Exactly why I don't do biz on ebay.


----------



## gerryr (Feb 7, 2008)

I bought some wood from that seller, once.  When the stuff arrived it reeked of kerosene.  I made one pen out of it and went through an entire sheet of sandpaper because it clogged the sandpaper so badly.  That was enough for me.  His idea of stabilizing is worse than a joke, it's an outright lie.


----------



## Brewmeister35 (Feb 7, 2008)

I posted about problems with him some time ago here.  I won't buy from him again.


----------



## IPD_Mrs (Feb 7, 2008)

If this is the nut case in southern Indiana, then may I suggest that you forget about him.  Usually when you find a deal on wood it is not a deal it will cost you in the long run.  My suggestion is to contact Nolan for all of your exotic burls.  You will only regret it because you will always come back for more.

Mike


----------



## LostintheWoods (Feb 7, 2008)

I've also had "issues" with this seller....BAD pictorial representation, terrible descriptions, etc; and as you said, very hostile replies to emails. Like you, I simply don't and won't deal with Bob and Geraldine any longer, and would advise everyone else to do likewise.


----------



## mikes pens (Feb 7, 2008)

I agree, the picture looks nothing like the wood.  Never again.


----------



## les-smith (Feb 7, 2008)

Yep, you've got to buy from active members here.  I have bought a ton and have never been disappointed.  Just the opposite, they go above and beyond sending extras most the time.  The shiiping is fast and they are nice folks to talk to.


----------



## rcarman (Feb 7, 2008)

I purchased some wood from them a while back that was supposed to be stabilized.  I came in so dark that the grain and wood type was indistinguishable.  The smell from the chemical used to stabilize was so strong I had to seal them in a plastic bag.  I objected to them and to their credit they immediately refunded my money no questions asked.

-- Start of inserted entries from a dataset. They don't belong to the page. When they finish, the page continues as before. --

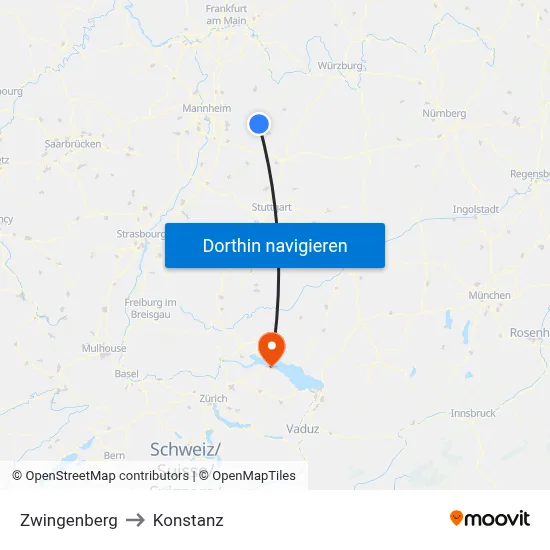 Zwingenberg to Konstanz map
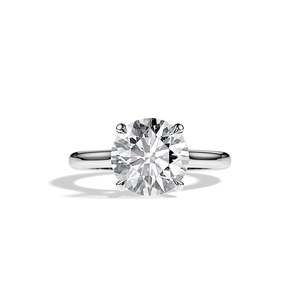 Bague de fiançailles en diamant taille brillant rond, monture à griffes en or rose, bijoux fins classiques pour femme - Product Image 3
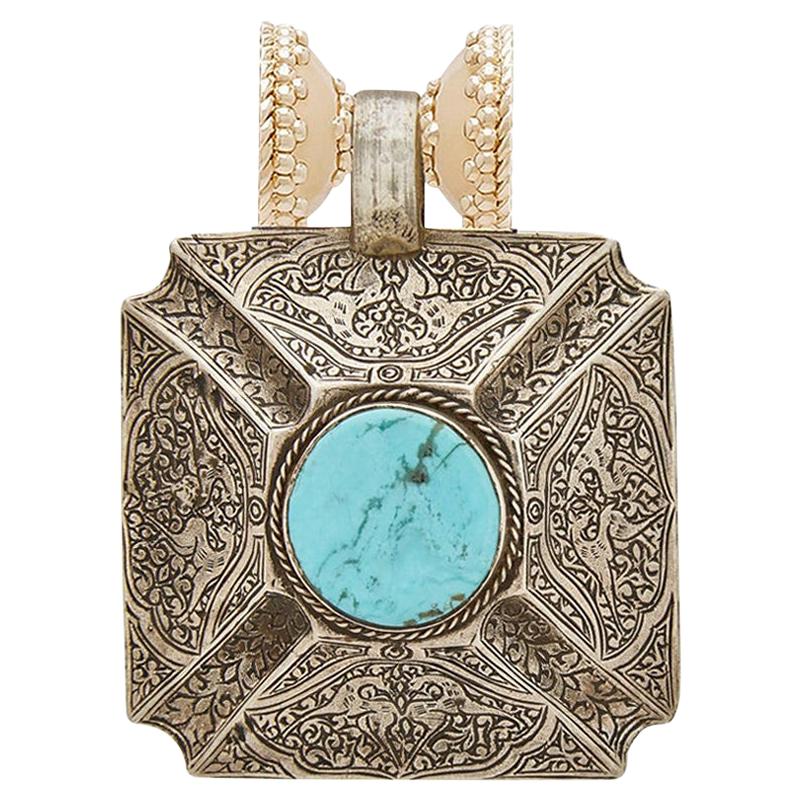 Turquoise and Sterling Silver Carved Pendant For Sale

They have some really nice blanks, but the ones I have received have been ruined by what they call stabilizing.


----------



## DCBluesman (Feb 7, 2008)

Remember that folks who are making a profit on shipping are often doing it to 1) mislead you into thinking the product is a bargain, 2) guarantee a profit on a product where they have intentionally started the auction at a low price in order to minimize their listing fee, and 3) save on their final value fees to eBay.  If they rip off eBay, what makes you think they care about the customer?  Just a thought.


----------



## LandfillLumber (Feb 7, 2008)

These are the guys that mess it up for us honest sellers. I state that I'm not in this to make money on shipping just wood. Sometimes my wood is not the cheapest, but other times its far cheaper then most. Its the nature of rescued wood. I have started to sell more on the IAP then on Ebay, and you guys have been nothing less then great to me. Always ask at the IAP first you will always get treated better then fair. Good Luck, Victor


----------



## toolcrazy (Feb 7, 2008)

There is only 2 or 3 sellers I will buy from on ebay. And shipping is the deciding factor or wheather I buy or not.


----------



## Kalai (Feb 10, 2008)

Hi all, I sell here and on ebay under koa_wood, like here I guarantee satisfaction by replacement or refund and I only charge the actual cost of shipping, there are a few good guys on ebay and there are a lot more good guys here, Mike is right you will get addicted to Nolan's burls, aloha.

Kalai


----------



## marionquill (Feb 13, 2008)

I bid on some of "Bob's Exotic Woods" last week - guess I should be happy I lost! I've seen Kalai's on there and they are always awesome! I did by a bunch of lamanited blanks from 64Okie (think his name is Dave) - anyway, they were outstanding and can't wait to turn them 

Jason


----------



## MikeInMo (Feb 13, 2008)

I have had good luck buying on ebay, but I haven't bought from Bob's exotic woods.  Has anyone ever started a thread here asking regular ebay sellers to post their ebay name so they can be identified?  I know people sell here also, but I would like to know when I am looking on ebay.  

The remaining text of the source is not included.